Last year saw Defibrillator Theatre take over three rooms in The Langham Hotel, down the posh end of Regent Street, to present the short Tennessee Williams plays that made up The Hotel Plays and given its resounding success, they’ve gone back there again this year to occupy three more spaces. With 380 rooms in this self-titled “first Grand Hotel in Europe”, it will only take another 125 years to work through all of them at this rate… This year though, Defibrillator have come armed with an original piece – The Armour – written by Ben Ellis and especially commissioned to celebrate the 150th anniversary of The Langham itself.

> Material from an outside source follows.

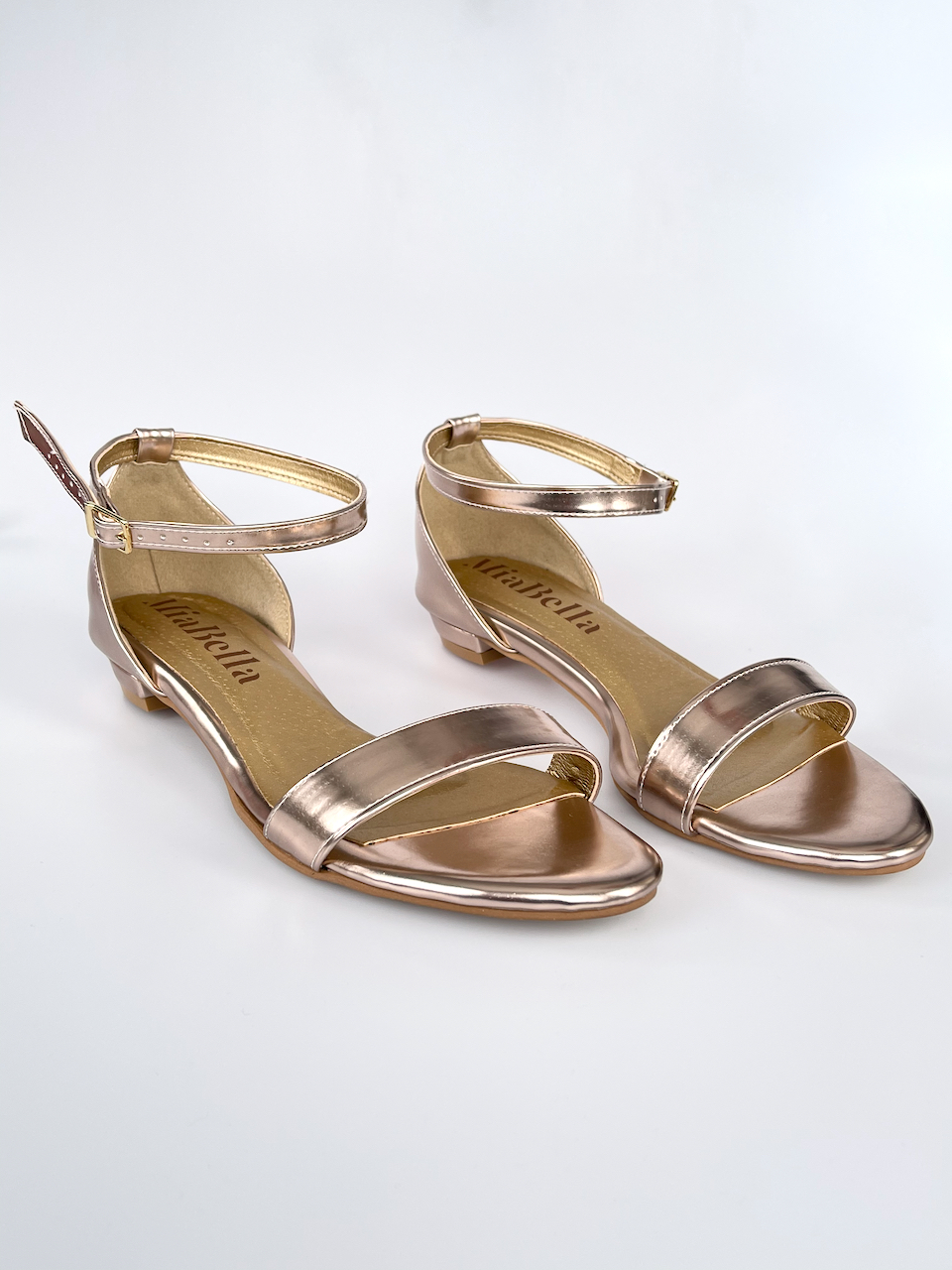 Rose-gold sandálky bez podpatků 40,5 - stélka 27,5cm / obvod 23,5cm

Stretching from the late nineteenth century to the present day, the three duologues each take place at a key moment in the building’s history and make for a beguiling combination. First off is a nod to the hotel’s revitalised presence as a luxury venue as Hannah Spearritt’s pop star Jade suffers a minor meltdown in the middle of a crucial comeback concert tour. Trying to calm her down in this basement suite is manager Franky, a nicely lived-in Thomas Craig, who tolerantly indulges her complaints about the trappings of fame but also can’t disguise the note of genuine fatherly concern for a young woman whose life has long not been her own to control.
Following that is an elevator ride to the third floor and a trip back to 1973 to a time when the building was not actually a hotel but rather occupied by the BBC. Here, Americans Peter and Eloise, Simon Darwen and Siubhan Harrison, prepare for a radio interview about their shipping business but find themselves still dealing with the aftershocks of his Vietnam experiences. And finally, we ascend to the seventh floor and 1871 where the ever-patient Eugénie tends to the needs of the irascible Charles, who just happens to be the recently exiled Louis-Napoléon III, as they both reminisce about the wonder of the lives they’ve had to leave behind and dream idly of a future that is horribly uncertain for them.
Darwen and Harrison deliver the unpredictable twists of their relationship excellently in the most intriguingly written of the pieces but for me, Finty Williams and Sean Murray won the day in the final segment, occurring at a point just before electricity has been introduced to the hotel and allowing a wry sense of humour to embody their entire situation. James Turner’s design stands out best in these earlier sections – the period recording studio smacks of 70s authenticity and there’s real elegance in the evocation of faded imperial grandeur – and I loved Holly Rose Henshaw’s costumes for all three, all withstanding the close scrutiny allowed in these intimate surroundings.
The cumulative effect thus becomes one that is rather enchanting. Personally, I could have done without the late flourish of a connective twist which felt a little forced and not entirely necessary in the end – the subtleties of James Hillier’s production are enough in their own right. I could see how some might find it a little insubstantial but Ellis’ miniature examinations of different crumbling empires feels well-suited to this genuinely site-specific production.